Python data analysis is implemented, including single sample body test, independent sample body test, correlation analysis, and join table analysis !, Python Data Analysis
1. Hypothesis Test
Make a hypothesis and verify it.
Confidence level needs to be set, such as 95%
Two types of errors:
Two types of errors are probabilities.
The original hypothesis is generally equations.
Influence of sample size:
Step: hypothesis-confidence level-data collection-P value calculation
T-test
Rejected domain and accepted domain.
One sample t-test, no data, no data for this course. Sorry, I will find the data again later!
Two Variables
Does the average monthly expenditure vary between boys and girls?
Is the variance equal?
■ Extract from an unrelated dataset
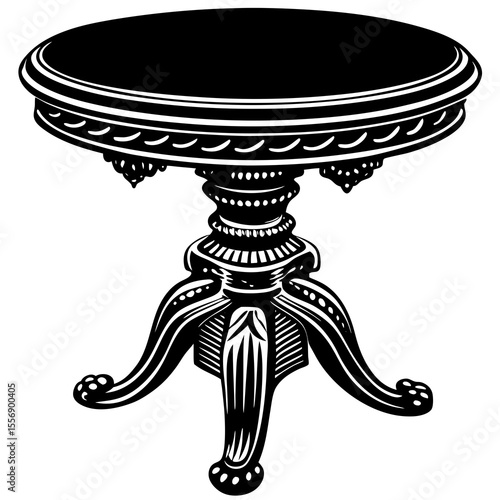 ancient greek art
F test!
Start, t statistic!
Data description to filter variables
Variance analysis
Does education differ in credit card spending?
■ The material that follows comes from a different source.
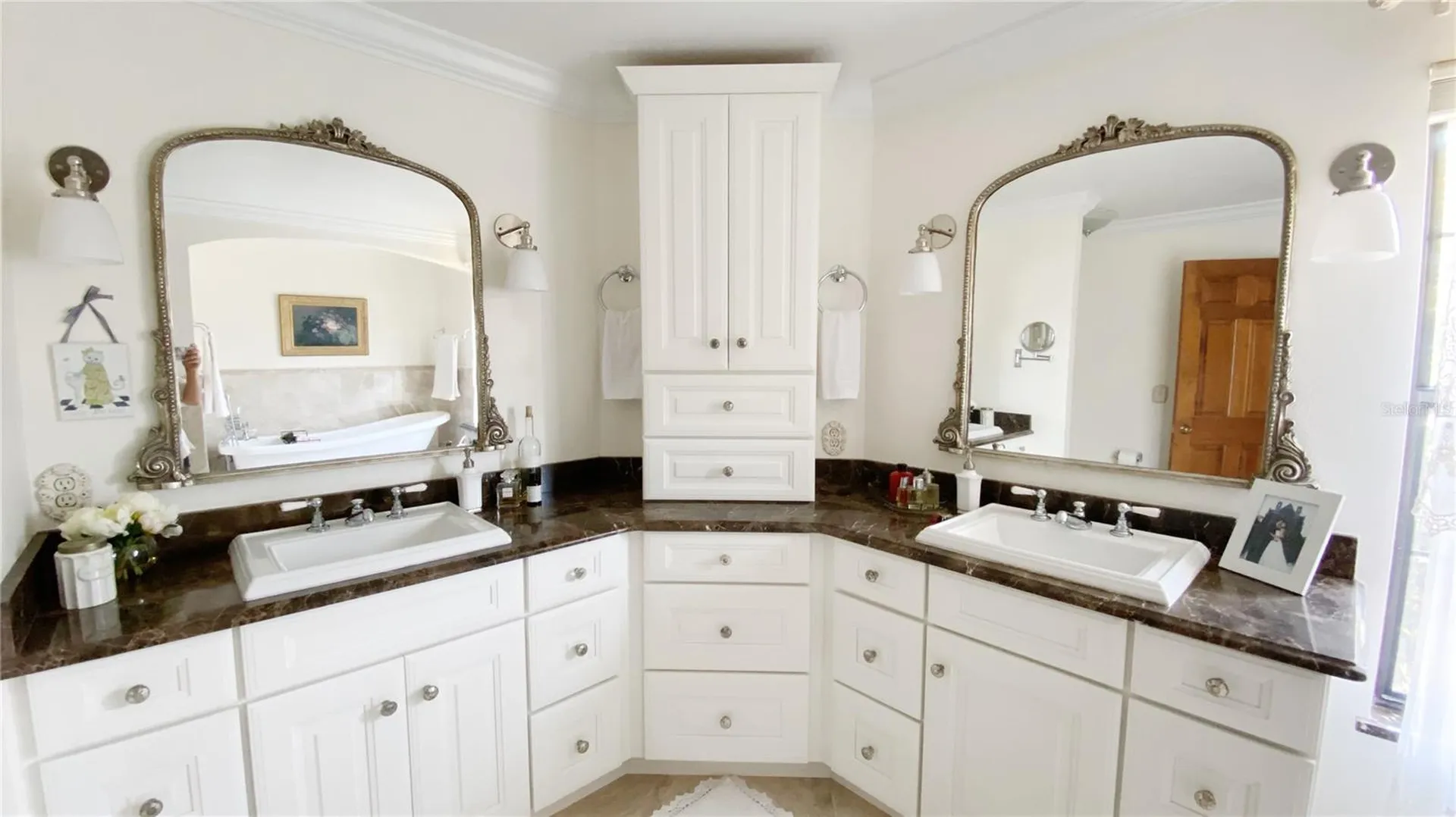 27 Lake Vista Way Ormond Beach FL 32174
Description of total variations:
Intra-group variation:
Inter-group variation:
Self-understanding: Sum of squares of total variations (mean of a single sample-mean of the population)
Intra-group variation: Sum of squares of this group (sample value-mean of the group where the sample is located) + sum of squares of the other group (sample value-mean of the group where the sample is located)
Inter-group variation: (average of each group-average of the population) sum of squares
I can understand. I don't know if others can understand it. It's easy to see instances!
F Statistic
Requirements.
The data requirement is based on one column and one column. Therefore, create the data and use the F_onewasy () function to implement it! The following value is the P value.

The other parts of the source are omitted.